Work to be completed: Your answer should hold the data exactly as given, minus any picture.

Items from a data source:
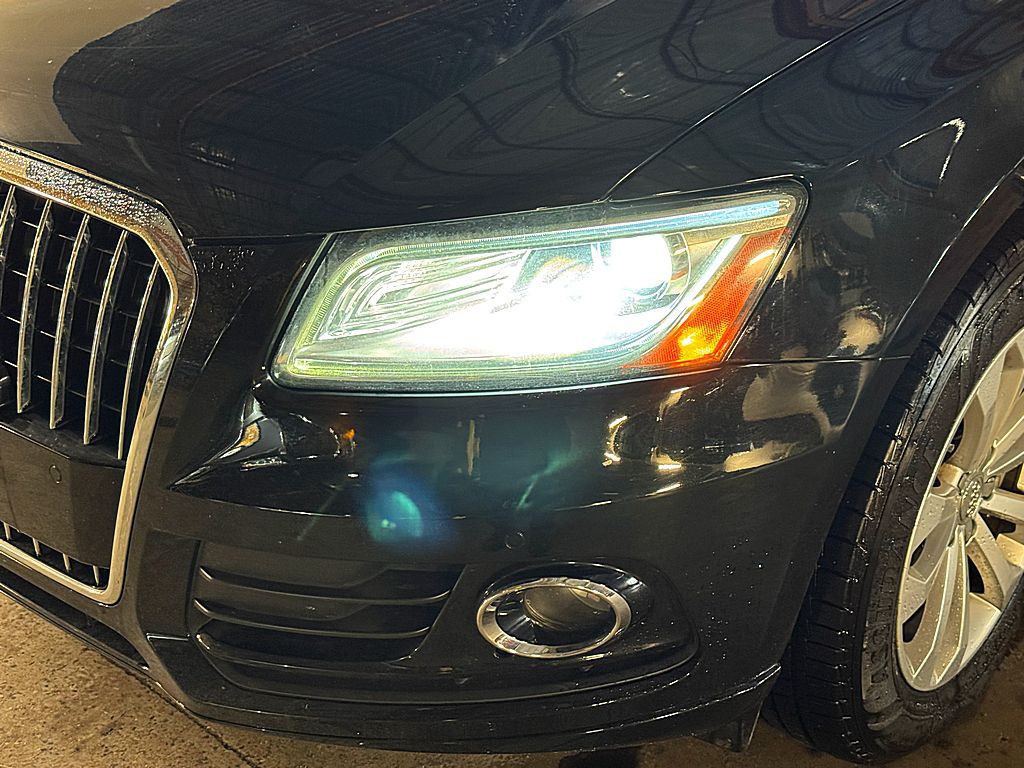 2015 Audi Q5 Image 27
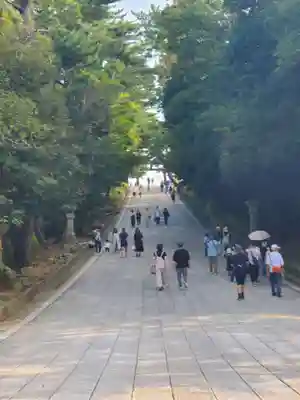 出雲大社(島根県)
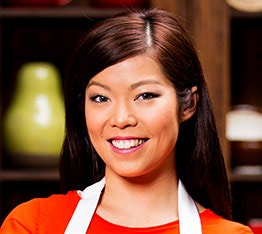 Cecilia Vuong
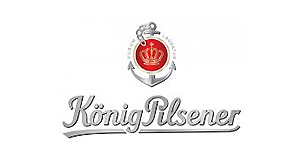 König Pilsener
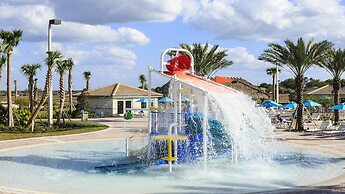 Exclusive Resort Home w Hot Tub, Near Theme Parks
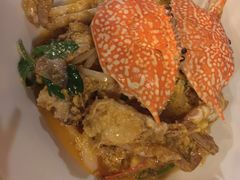 -Red Lobster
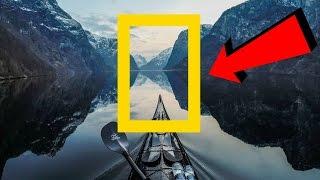 National Geographic Assignment Explorer Digital Correspondent Entry Video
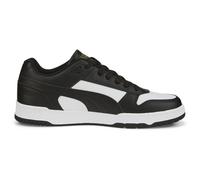 Puma RBD Game Low Freizeitschuhe, schwarz, Größe 45 45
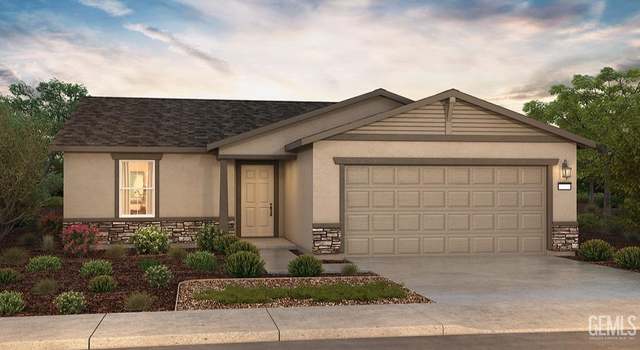 Photo of 8232 Spigold St #1052, Bakersfield, CA 93307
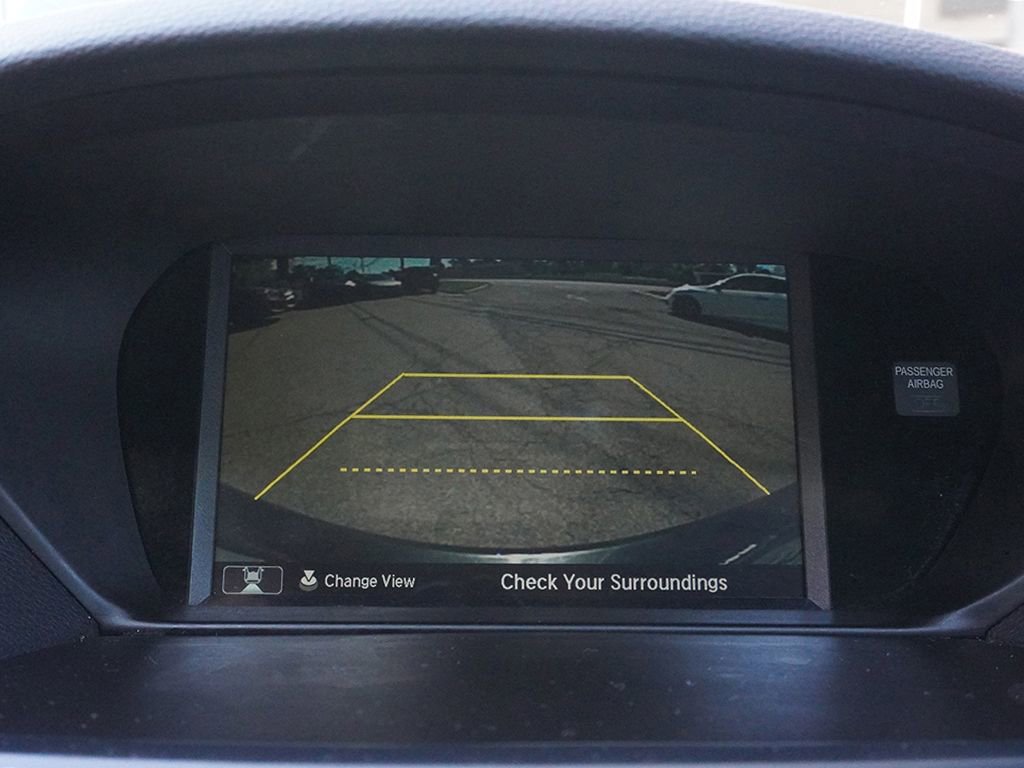 Used 2019 Acura TLX V6 w/ Technology & A-SPEC Pkg FWD image 41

Response area:
 2015 Audi Q5 Image 27
 出雲大社(島根県)
 Cecilia Vuong
 König Pilsener
 Exclusive Resort Home w Hot Tub, Near Theme Parks
 -Red Lobster
 National Geographic Assignment Explorer Digital Correspondent Entry Video
 Puma RBD Game Low Freizeitschuhe, schwarz, Größe 45 45
 Photo of 8232 Spigold St #1052, Bakersfield, CA 93307
 Used 2019 Acura TLX V6 w/ Technology & A-SPEC Pkg FWD image 41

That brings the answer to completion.